Koninklijk Horeca Nederland is de organisatie voor ondernemers in de Horeca en aanverwante bedrijven. Zij houdt zich bezig met belangenbehartiging voor haar leden. Dit gebeurt op regionaal niveau door afdelingen en districten; landelijk geschiedt dit per bedrijfstype door de secties. Naast de secties Restaurants, Café-Bar Bedrijven, IJsfrica, Chinees-Indische Bedrijven, Discotheek- en Zaalbedrijven bestaat binnen de organisatie ook de sectie Hotels. Dick Vollenga, van onder andere het Best Western DISH Hotel te Enschede, is de gekozen voorzitter van deze sectie. Het sectiebestuur bestaat verder uit een negental hotelondernemers uit de verschillende sterrencategorieën (zowel zelfstandige als uit ketens), zodat de vraagstukken en problemen van alle hotelgroeperingen aan de orde komen.

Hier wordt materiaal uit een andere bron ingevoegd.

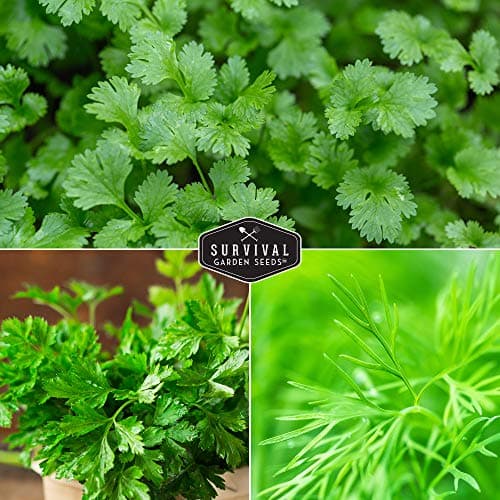 Survival Garden Seeds Herb Collection Seed Vault - Parsley, Cilantro, Basil, Lemon Balm, Dill - Non-GMO Heirloom Survival Garden Seeds for Planting - Grow Herbs Indoors Year Round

De sectie Hotels van Koninklijk Horeca Nederland zal voortaan in elke uitgave van Hospitality Management een ontwikkeling of 'problematiek' onder de aandacht brengen. Deze eerste bijdrage zal handelen over de Benelux Hotelclassificatie.
Nieuwe normen
Op 15 mei 1996 heeft het Bedrijfschap Horeca een persbericht verzonden, waarin wordt aangegeven dat de Bijzondere Commissie voor het Toerisme van de Benelux overeenstemming heeft bereikt over de nieuwe normen voor de Benelux-Hotelclassificatie (BHC). Daarbij wordt de verwachting uitgesproken, dat deze nieuwe normen nog voor de zomer ter goedkeuring aan het Comité van Ministers van de Benelux zullen worden voorgelegd. Na ondertekening zijn de lidstaten gehouden aan de invoering van de nieuwe normen, welke waarschijnlijk in de loop van 1998 van kracht zullen worden.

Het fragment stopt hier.